0-->ker(f)-->V-->W-->coker(f)-->0

Anyhow. getting back to things at hand.

Things in homology are about measuring defects. Snake lemmas, etc, tell you how those defects are related.

It is just linear algebra, essentially - if something is not injective it has a kernel, etc.

3. Apr 5, 2007

### StatusX

Thanks, that makes sense. In a "perfect" space, with no holes, every cycle would be a boundary, and so the chain groups would form an exact sequence, and the homolgy would be trivial. The homology groups tell us how the space deviates from this, ie, what kinds of holes it has.

But I still don't understand where the actual, perfect exact sequences come into things. For example, take the Mayer Vietoris sequence. To derive this, you form the short exact sequence of chain groups.

$$0 \rightarrow C_n(A \cap B) \rightarrow C_n(A) \oplus C_n(B) \rightarrow C_n (A+B) \rightarrow 0$$

Where it can be shown under nice circumstances that the homolgy induced by C_n(A+B) (sums of chains entirely in A or entirely in B) is isomorphic to the homology of their union. Then the snake lemma says this extends to a long exact sequence of homology groups:

$$...\rightarrow H_{n+1}(A \cup B)\rightarrow H_n(A \cap B) \rightarrow H_n(A) \oplus H_n(B) \rightarrow H_n (A \cup B) \rightarrow H_{n-1}(A \cap B) \rightarrow ...$$

What does this mean??? I know how to use it to compute things, and it is very useful for that. But I have no idea what this sequence tells me about the corresponding groups, let alone the corresponding spaces. Like I said, this is a very vauge question, and probably a difficult one to answer. It's probably just something you have to get familiar with, but I'm just looking for a head start in understanding it.

4. Apr 5, 2007

### mathwonk

an exact sequence is just the statement of the rank nullity theorem, but repeated over and over for compositions of maps : i.e. 0-->A-->B-->C-->0 is exact if and only if the kernel of the map B-->C is A, and the map B-->C is onto.

i.e. the rank of the map B-->C is dimC and the nullity is dimA, and these add up to dimB.

the sequence 0-->A-->B-->C-->D-->0 is exact if the kernel of the map B-->C is A, and the quotient of C by the image of the map B-->C is D.

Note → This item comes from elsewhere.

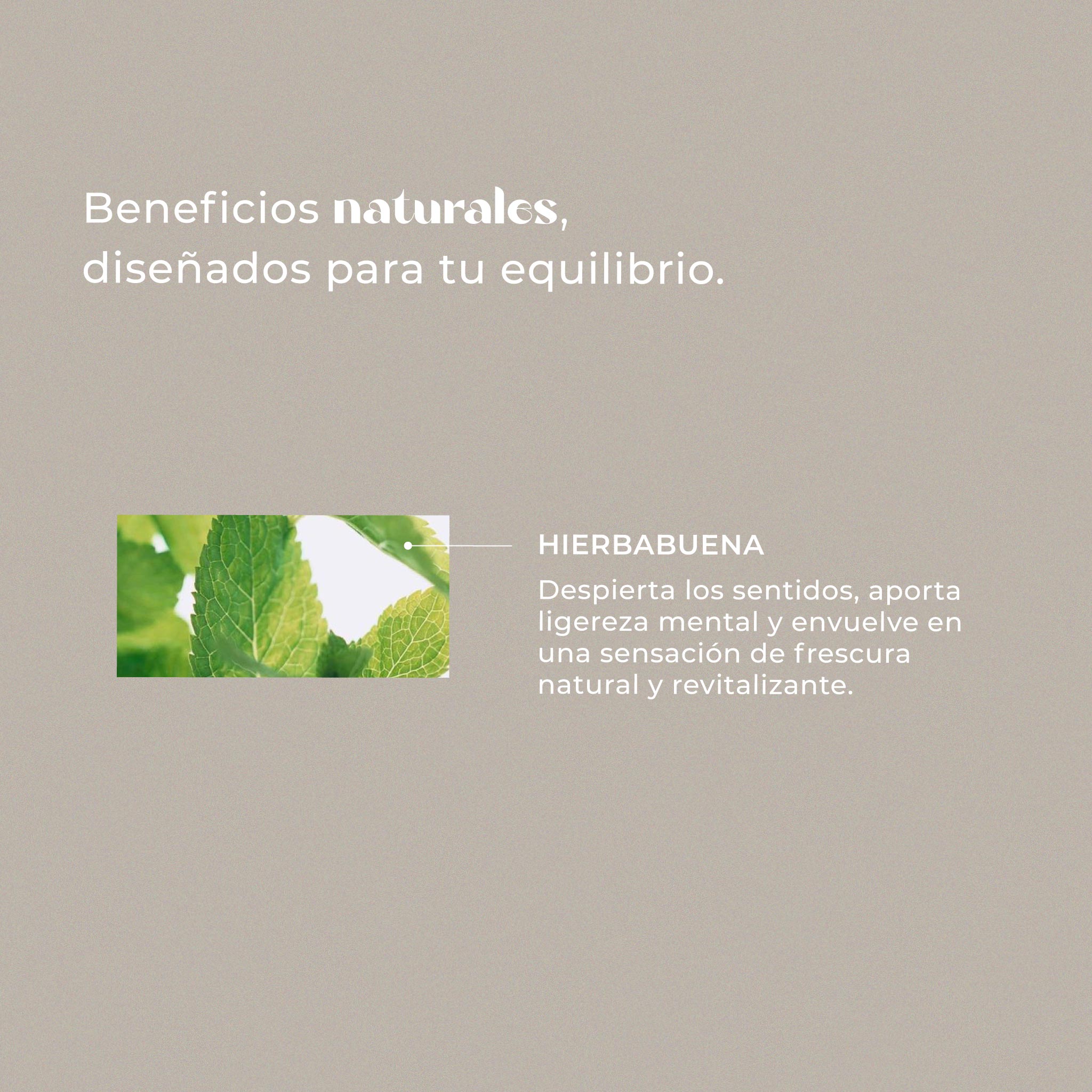 Hierbabuena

thus dimA-dimB+dimC-dimD = 0, etc.....

5. Apr 6, 2007

### matt grime

Mayer Vietoris says that to work out the obstructions in AuB, that's like taking disjoint copies of A and B and looking at their defects, and then counting the ones you counted twice from their intersection that you ignored: it is the inclusion exclusion principle. The snake lemma tells you that if you were looking at n-dim holes, then you next need to take into account the n-1 dim holes - or the boundaries of the n-dim holes.

6. Apr 6, 2007

### mathwonk

do an example, like A,B both discs, and AmeetB
a circle, and AunionB a sphere.

presumably knowing the hom ology of a circle should allow you to compute the homology of a sphere.